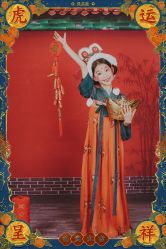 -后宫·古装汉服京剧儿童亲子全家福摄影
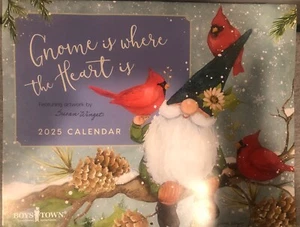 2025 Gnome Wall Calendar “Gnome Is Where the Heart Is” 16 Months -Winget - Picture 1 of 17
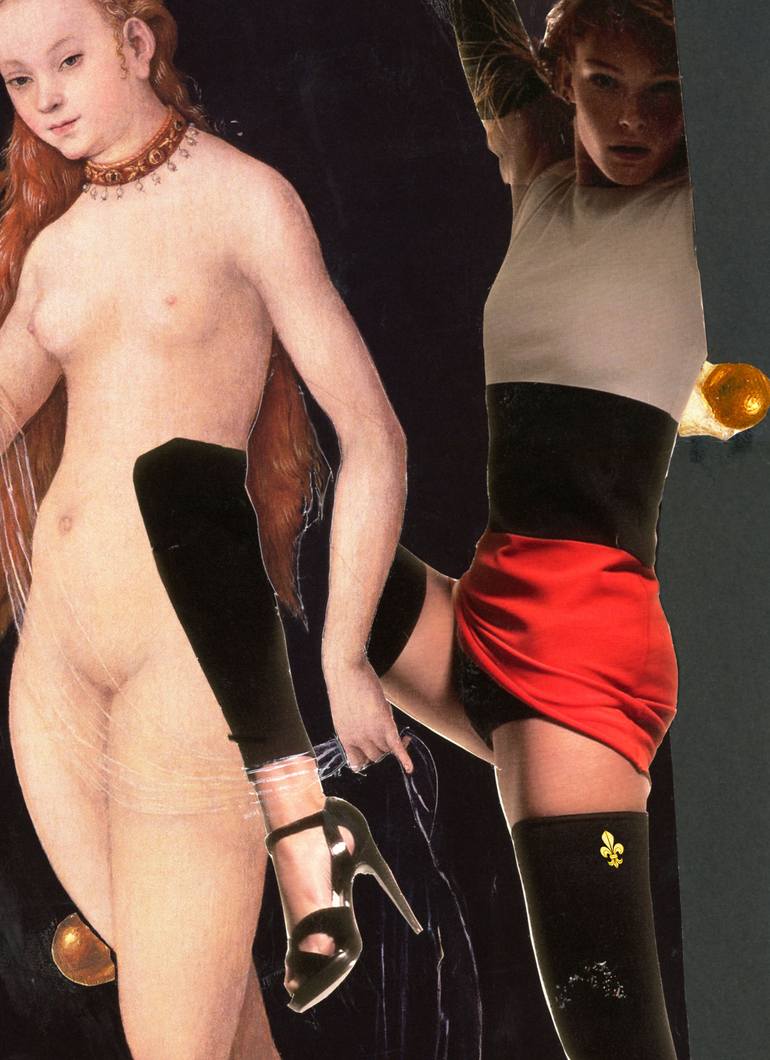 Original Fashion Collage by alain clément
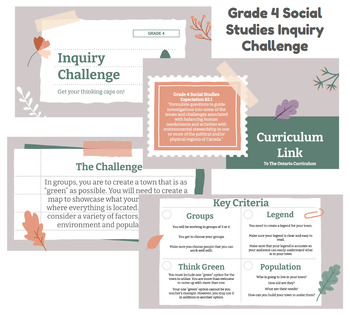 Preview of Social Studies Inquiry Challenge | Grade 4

------------------------------------------------------------------------

> **WORK REQUIRED**
Your copy of the listing should match it exactly, apart from the pictures, which are left out.

> **EXPECTED OUTPUT**
 -后宫·古装汉服京剧儿童亲子全家福摄影
 2025 Gnome Wall Calendar “Gnome Is Where the Heart Is” 16 Months -Winget - Picture 1 of 17
 Original Fashion Collage by alain clément
 Preview of Social Studies Inquiry Challenge | Grade 4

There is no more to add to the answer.